Your letter rec'd. I enclose check for $10 as I have no bills by me. You can get it cashed at Houghton, Mifflin Co., No. 4 Park St.—ask for Mr. Wheeler. Or may be the treasurer of the college will cash it. We are all well and beginning the spring work. Hiram and I are grafting grapes, and the boys are tying up and hauling ashes. The weather is fine and a very early spring is indicated. I have not seen a wild goose and only two or three flocks of ducks. I should like to have been with you at the Sportsman's Fair. If you make those water shoes or foot boats I should advise you to follow copy—make them like those you saw.
Your sentence about the whispering of the ducks' wings, etc., was good. Ruskin invented that phrase "the pathetic fallacy." You will probably find it in your rhetoric. It was all right as applied to your sentence.

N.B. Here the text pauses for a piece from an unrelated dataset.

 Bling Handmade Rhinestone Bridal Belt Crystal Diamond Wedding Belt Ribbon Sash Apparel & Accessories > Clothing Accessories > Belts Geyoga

Susie is very quick witted.
The shad men are getting ready. I hope you will go and hear the lectures of the Frenchman Domnic. He is worth listening to. I shall be very glad when the Easter vacation brings you home once more, you are seldom out of my thoughts. I made two gallons of maple syrup. Walt Dumont has an auction this P. M. Nip and I are going.
Your loving father,
JOHN BURROUGHS
Nip was a fox terrier that was for years Father's constant companion, and they had many adventures together.
Riverby, Mch. 8 {1898}
MY DEAR JULIAN,
I wish you were here to enjoy this fine spring morning. It is like April, bright, calm, warm, and dreamy, sparrows singing, robins and blue birds calling, hens cackling, crows cawing, while now and then the ear detects the long drawn plaint of the meadow lark. The ice in the placid river floats languidly by and I dare say your hunting ground is alive with ducks. I am boiling sap on the old stove set up here in the chip yard. I have ten trees tapped and lots of sap. I wish you had some of the syrup. Your mother came back yesterday and she is now busy in the kitchen, good natured as yet, if it only lasts. She has hired a girl who is expected soon. Your letter came yesterday. No doubt you will have fun acting as "supe" with the boys. It will be a novel experience. Tell me all about it. A note from Kennedy says he saw Trowbridge lately and that T is going to ask you out to see him. Go if he asks you, he is an old friend of mine and a fine man. You have read his stories when you were a boy. He has some nice girls. Remember me to him if you go.